As Mr. Park was denied bond yesterday, and transferred from Houston to New York,[5] there are perhaps some answers. It seems that Mr. Park was stopped by Mexican immigration authorities last Friday as he was traveling from Canada to Panama.[6] What happened after that is not clear. According to the Houston Chronicle, “FBI agents stationed in Mexico City then escorted him onto a Continental Airlines flight to Houston, where he was taken into custody.”[7] According to the New York Times, however, “Christine Monaco, an F.B.I. spokeswoman in New York, [initially] said the agents had made the arrest in Houston, but denied they had any role in apprehending him in Mexico.”[8] However, a subsequent Times article states, “Mexican immigration officials apprehended him at Mexico City’s airport on the basis of an Interpol notice.”[9] The officials then put him on a commercial flight to Houston, accompanied by F.B.I. agents.[10] This is supported in the Chronicle, which noted that Mr. Park “was not aware of the new charge, so he was surprised when Mexican immigration officials detained him as he went through Mexico City on his way to Panama on Friday.”[11] He waited some time in a room at the Mexico City airport, and then was escorted onto a plane to Houston, on which he was accompanied by some men that he did not know; a “New York FBI official said Wednesday that agents from the FBI’s Mexico City office accompanied him.”[12]

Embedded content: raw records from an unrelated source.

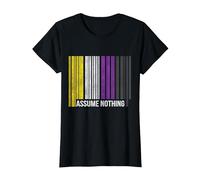 Non Binary Pride Flag Barcode Agender Genderfluid Non Binary T-Shirt, Women, Black, X-Large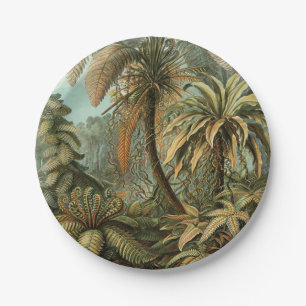 Ferns Palm Tree Antique Botanical Ferns Art Paper Plate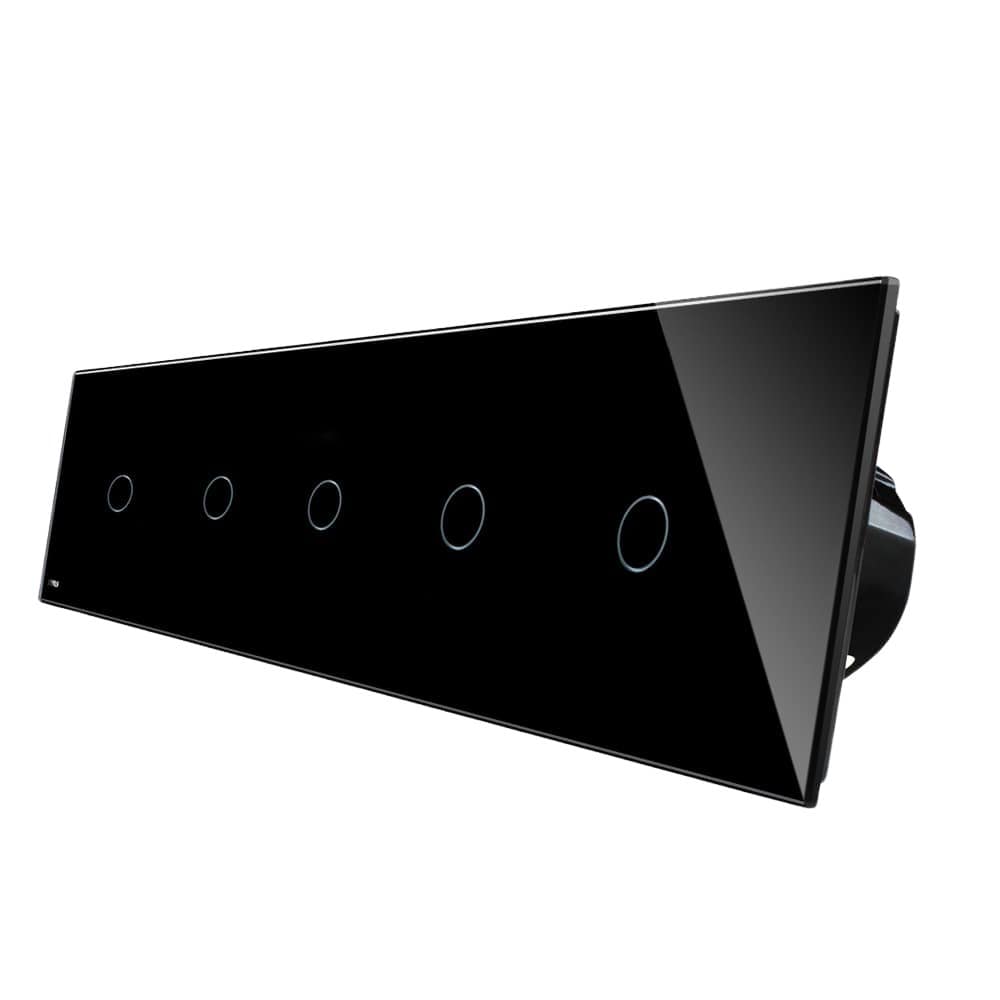 Intrerupator LIVOLO cu touch din sticla cu 5 intrerupatoare simple, negru, BB-C7-5C1-12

Thus, it seems that the FBI had some role in the apprehension and removal of Mr. Park from Mexico, though Reuters reports that FBI agent Robert Midcap “said Mexican agents then flew with Park on a Continental Airlines flight to Houston, where U.S. authorities arrested him.”[13] Asked whether it was a Mexican or American decision to, as Reuters put it, “deport” Mr. Park, Mr. Midcap replied “[i]t was the Mexican government that expelled him. … That was the government’s decision, the Mexican government’s decision.”[14]

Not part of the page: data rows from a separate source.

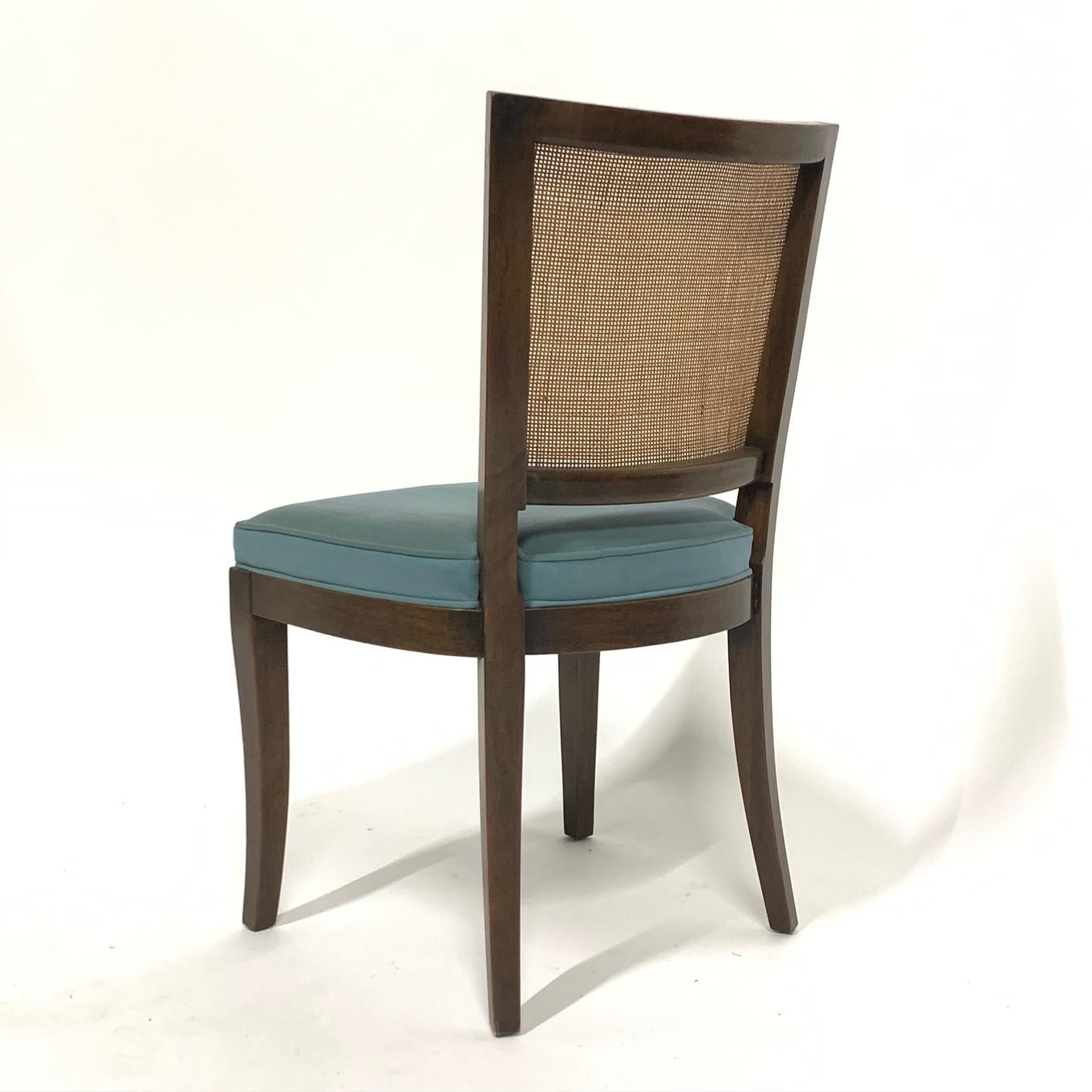 Set of 6 Forward Trend for Johnson Bert England Cane Back Dining Side Chairs In Good Condition In Hudson, NY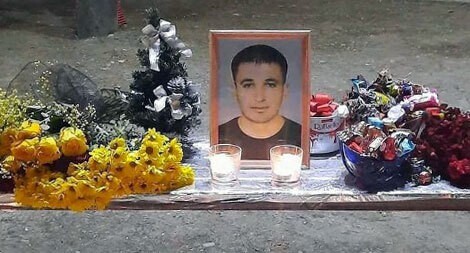 Flowers and candles at Inal Djabiev's portrait. Screenshot: http://www.instagram.com/p/CKIMRR1rjtq/ Flowers and candles at Inal Djabiev's portrait. Screenshot: http://www.instagram.com/p/CKIMRR1rjtq/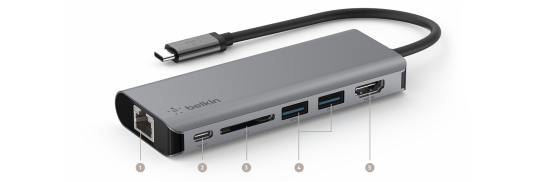 Belkin USB-C 6in1 Multiport Adapter - 30974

And that is the crux of the problem with this case. In some ways it doesn’t entirely matter whether the men accompanying Mr. Park were FBI agents or Mexican agents. What matters is that Mr. Park was, as Mr. Midcap said, “expelled.” This was the second time in as many days that Mexico sent someone to the United States from Mexico without following the normal legal processes of either extradition or deportation. Last Friday, we mentioned Arthur March, who was going through extradition proceedings when he suddenly was arrested in front of his favorite donut shop in Mexico and transferred to FBI custody in Guadalajara, Mexico, where he was then sent to Houston. The details of that activity are unknown.

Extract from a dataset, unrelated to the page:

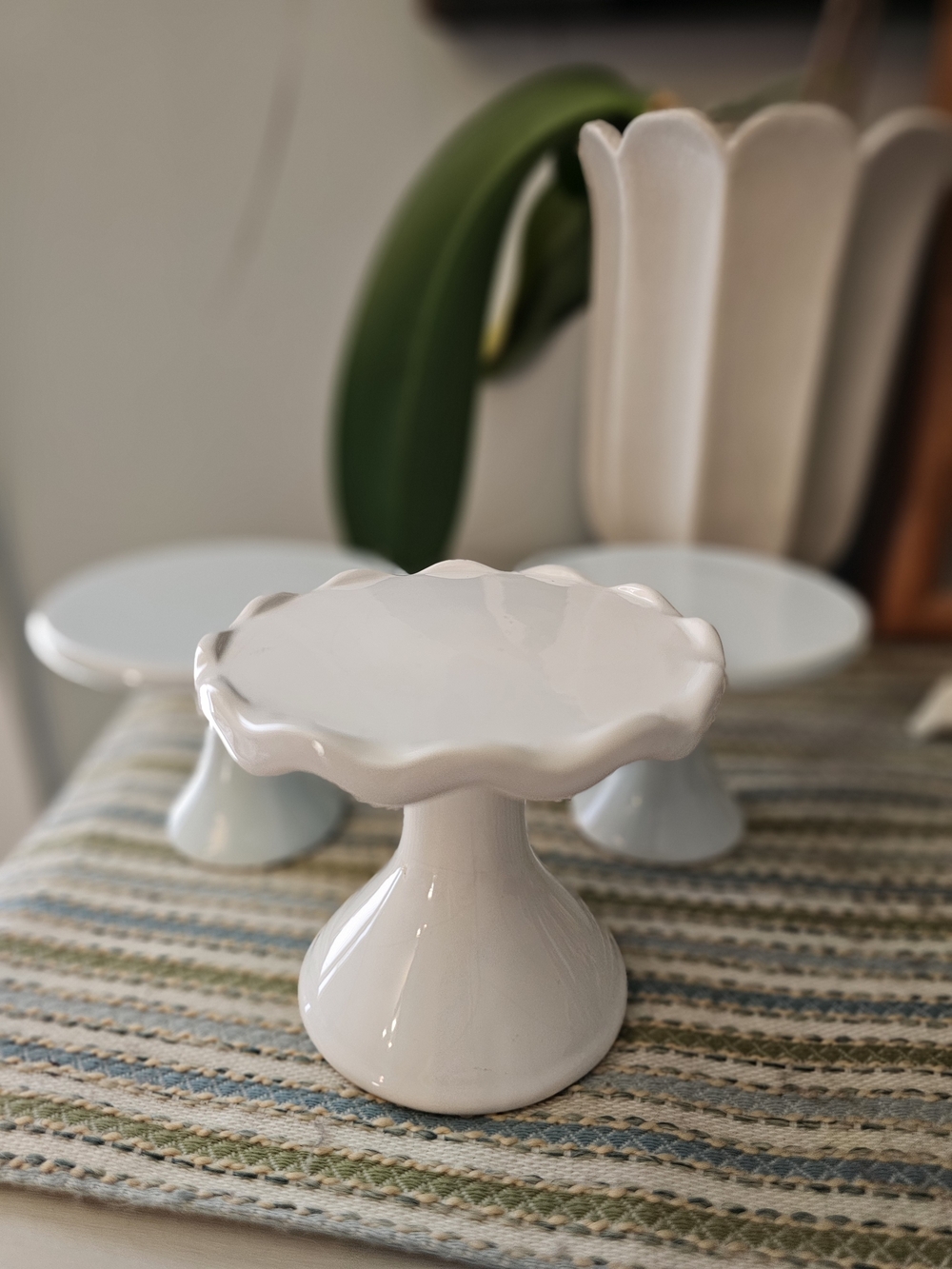 Set Of 3... 1 Small White Ceramic Pedestal Stand And 2 Small Light Blue Ones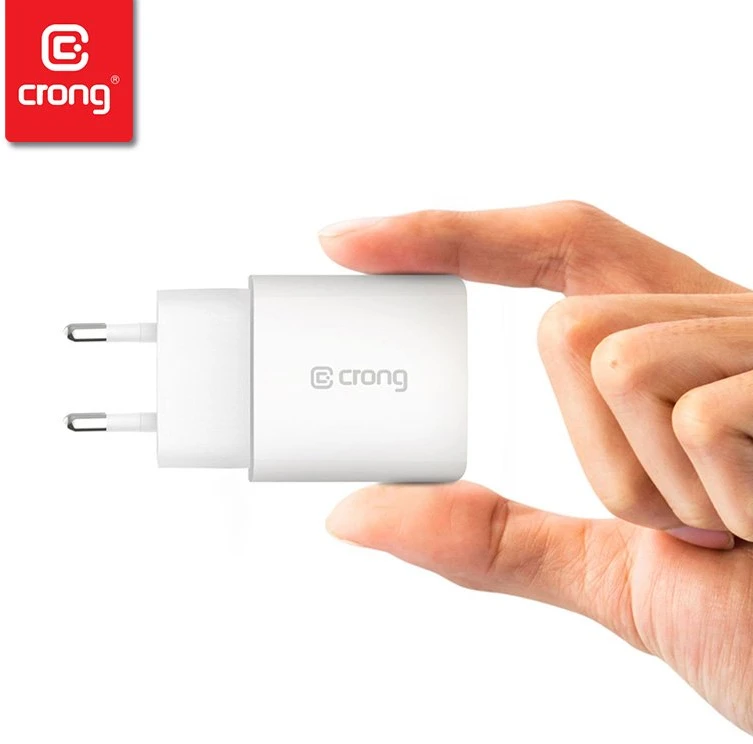 Crong USB-C Travel Charger – Įkroviklis jungiama į tinklą USB-C Power Delivery 20W (balta)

The fact that Mr. Park faced no deportation hearing, nor an extradition hearing, is extremely troubling. The fact that at least two people in one week have been expelled from Mexico without going through the normal legal processes is doubly troubling. Normally, an individual picked up on an Interpol notice would face a deportation or extradition hearing. It seems, however, that Mexico has found it expedient to simply place the person on a plane without bothering with its legal system. This does not bode well for the rights of individuals.
[1] See, e.g., Larry Neumeister, S. Korean Arrested in Oil-For-Food Scandal, Associated Press (via Wash. Post), Jan. 6, 2006.
[2] S. Korean Denied Bail in U.N. Scandal, Associated Press (via Wash. Post), Jan. 11, 2006.
[3] Id.
[4] Tom Fowler, Judge Denies Bond in Oil-For-Food Case, Houston Chronicle, Jan. 11, 2006.
[5] Id.
[6] Id.
[7] Id.
[8] Simon Romero, et al., Lawyer Says Korean Was Originally Seized in Mexico, NY Times, Jan. 10, 2006.
[9] Simon Romero, Oil-For-Food Suspect, Ailing, Faces Arraignment in New York, NY Times, Jan. 11, 2006.
[10] Id.
[11] Fowler, supra note 4.
[12] Id.
[13] Mexican Agents Nabbed Oil-For-Food Suspect, Reuters, Jan. 11, 2006.
[14] Id.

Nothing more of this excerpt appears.